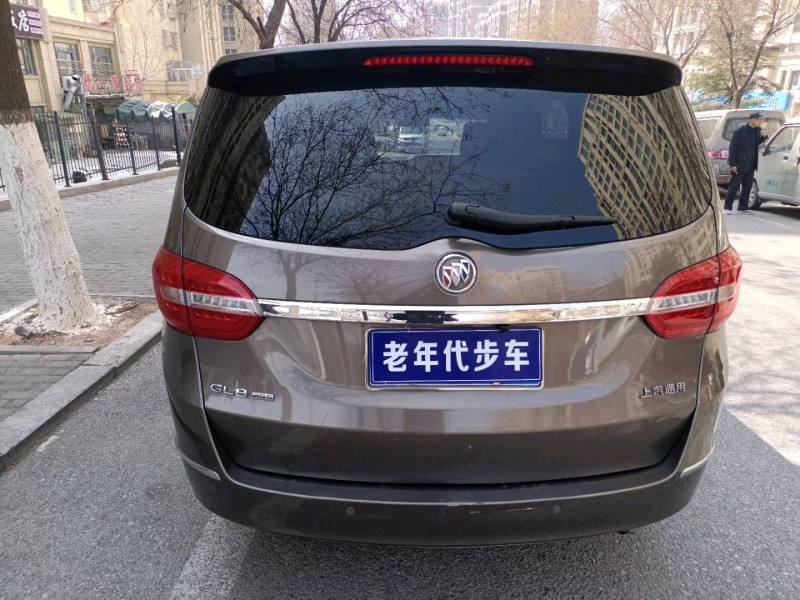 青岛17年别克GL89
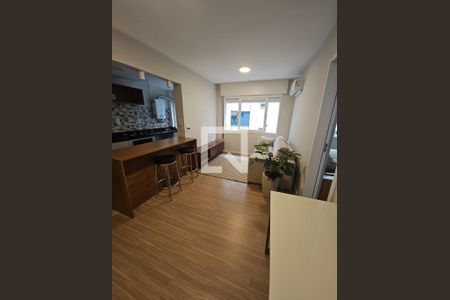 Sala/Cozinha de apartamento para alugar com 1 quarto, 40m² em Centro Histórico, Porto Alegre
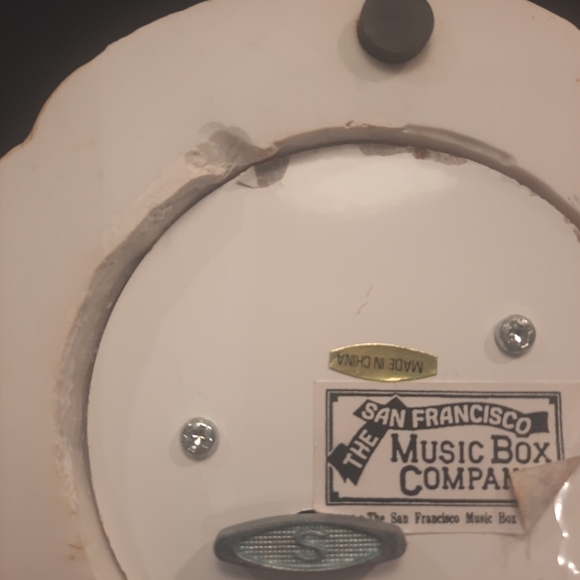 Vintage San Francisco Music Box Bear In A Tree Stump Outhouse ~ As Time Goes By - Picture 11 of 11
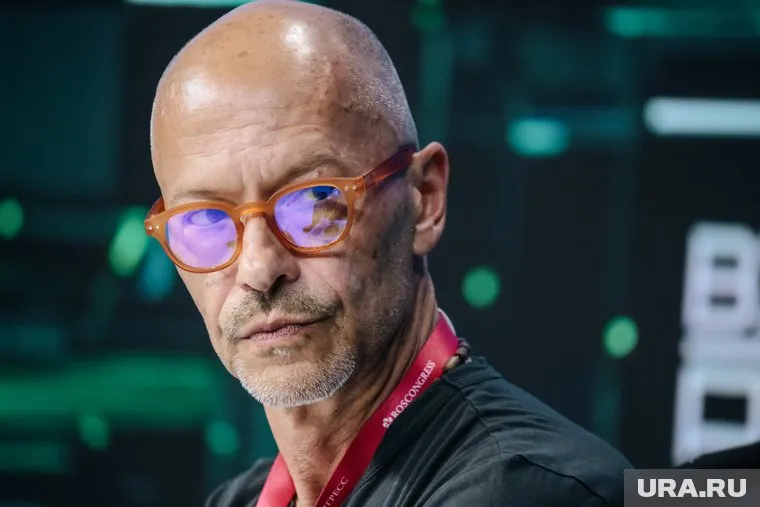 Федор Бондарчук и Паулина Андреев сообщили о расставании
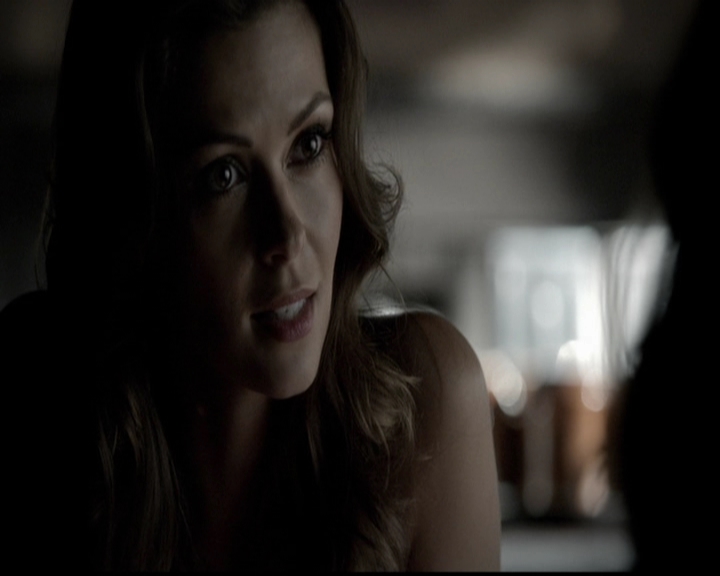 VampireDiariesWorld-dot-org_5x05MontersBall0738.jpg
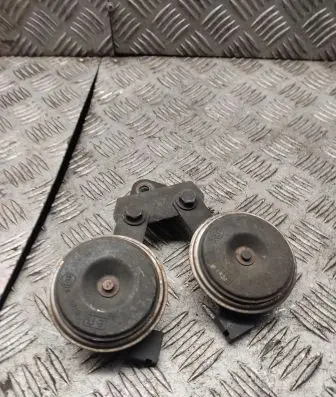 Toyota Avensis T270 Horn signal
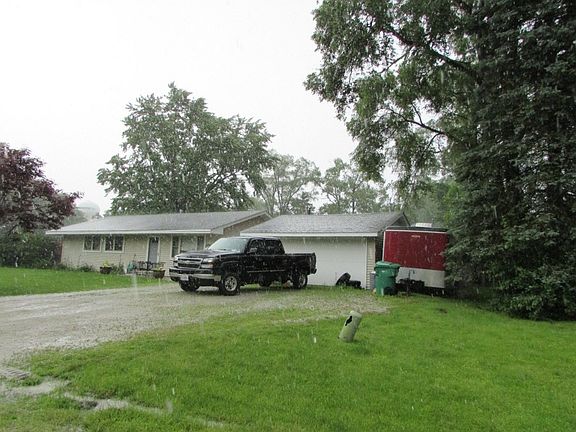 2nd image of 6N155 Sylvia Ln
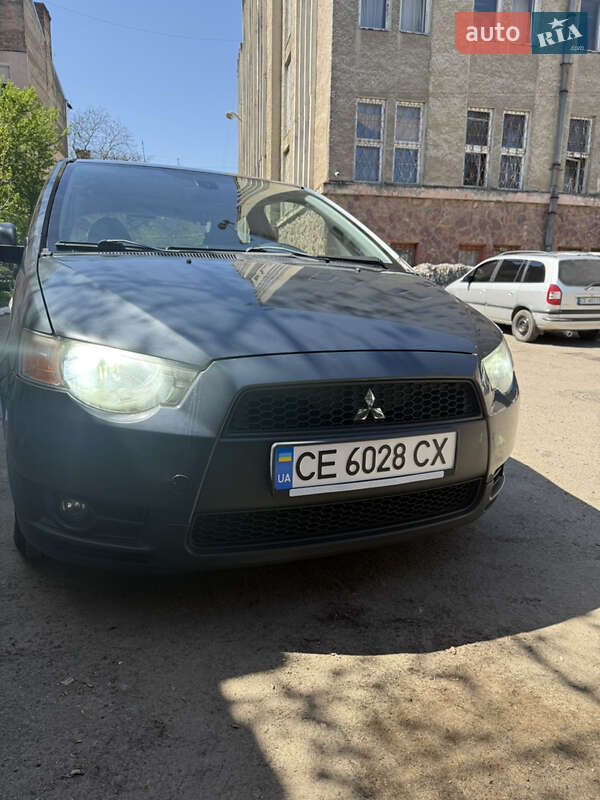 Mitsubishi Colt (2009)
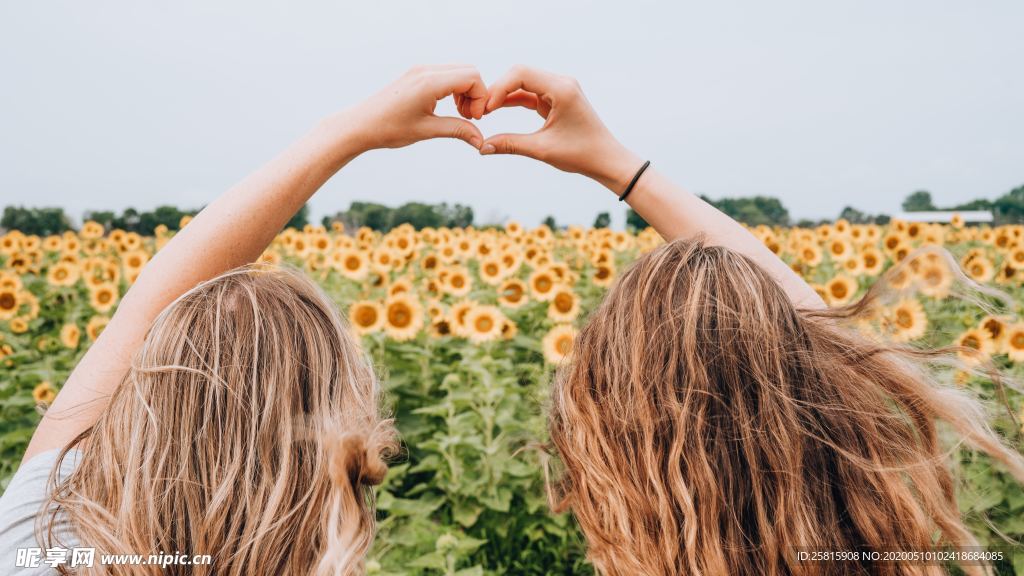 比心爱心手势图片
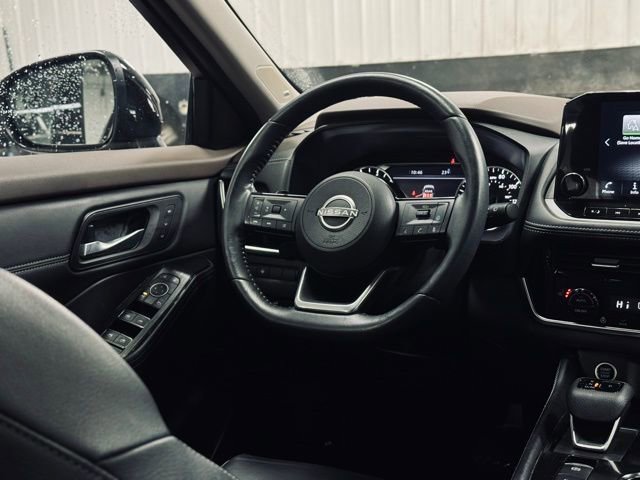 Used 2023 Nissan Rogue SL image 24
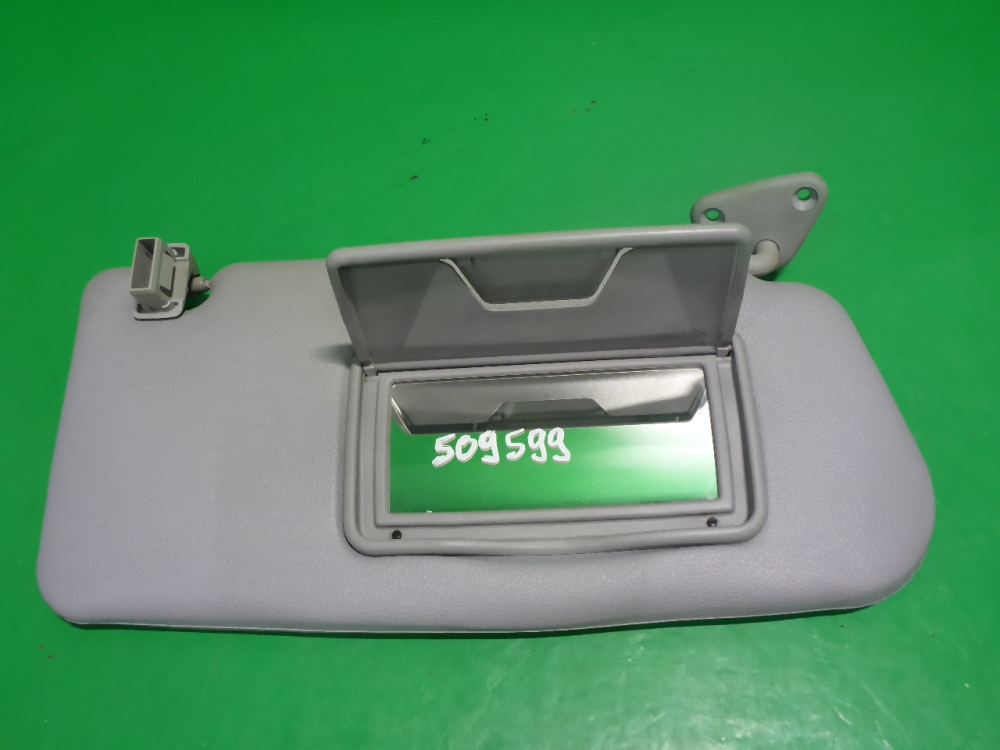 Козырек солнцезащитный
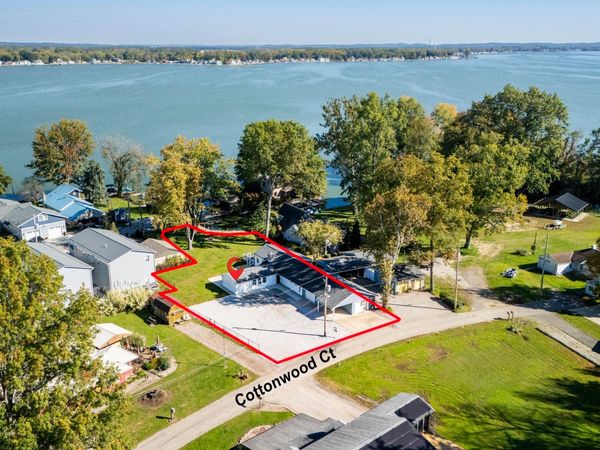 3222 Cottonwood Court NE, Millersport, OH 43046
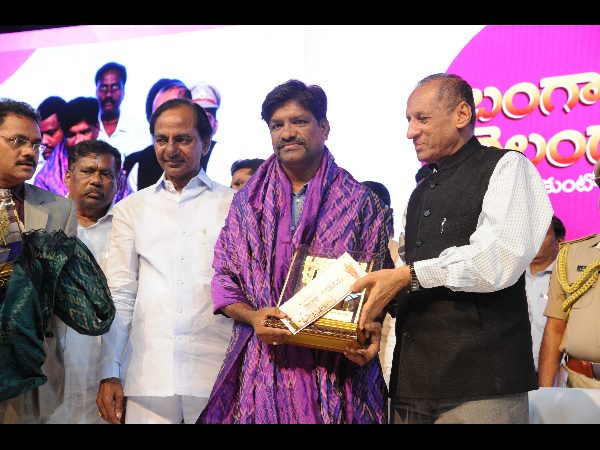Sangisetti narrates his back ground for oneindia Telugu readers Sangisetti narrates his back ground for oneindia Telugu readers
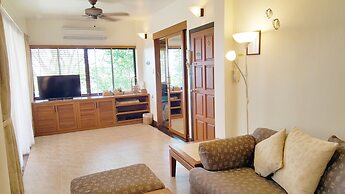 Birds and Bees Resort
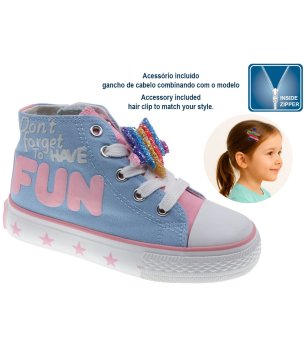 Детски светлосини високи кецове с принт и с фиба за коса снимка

^^^^^^^^

> Instructions for the task
The records above must be printed exactly; the pictures stay out.

> Task output
 青岛17年别克GL89
 Sala/Cozinha de apartamento para alugar com 1 quarto, 40m² em Centro Histórico, Porto Alegre
 Vintage San Francisco Music Box Bear In A Tree Stump Outhouse ~ As Time Goes By - Picture 11 of 11
 Федор Бондарчук и Паулина Андреев сообщили о расставании
 VampireDiariesWorld-dot-org_5x05MontersBall0738.jpg
 Toyota Avensis T270 Horn signal
 2nd image of 6N155 Sylvia Ln
 Mitsubishi Colt (2009)
 比心爱心手势图片
 Used 2023 Nissan Rogue SL image 24
 Козырек солнцезащитный
 3222 Cottonwood Court NE, Millersport, OH 43046
Sangisetti narrates his back ground for oneindia Telugu readers Sangisetti narrates his back ground for oneindia Telugu readers
 Birds and Bees Resort
 Детски светлосини високи кецове с принт и с фиба за коса снимка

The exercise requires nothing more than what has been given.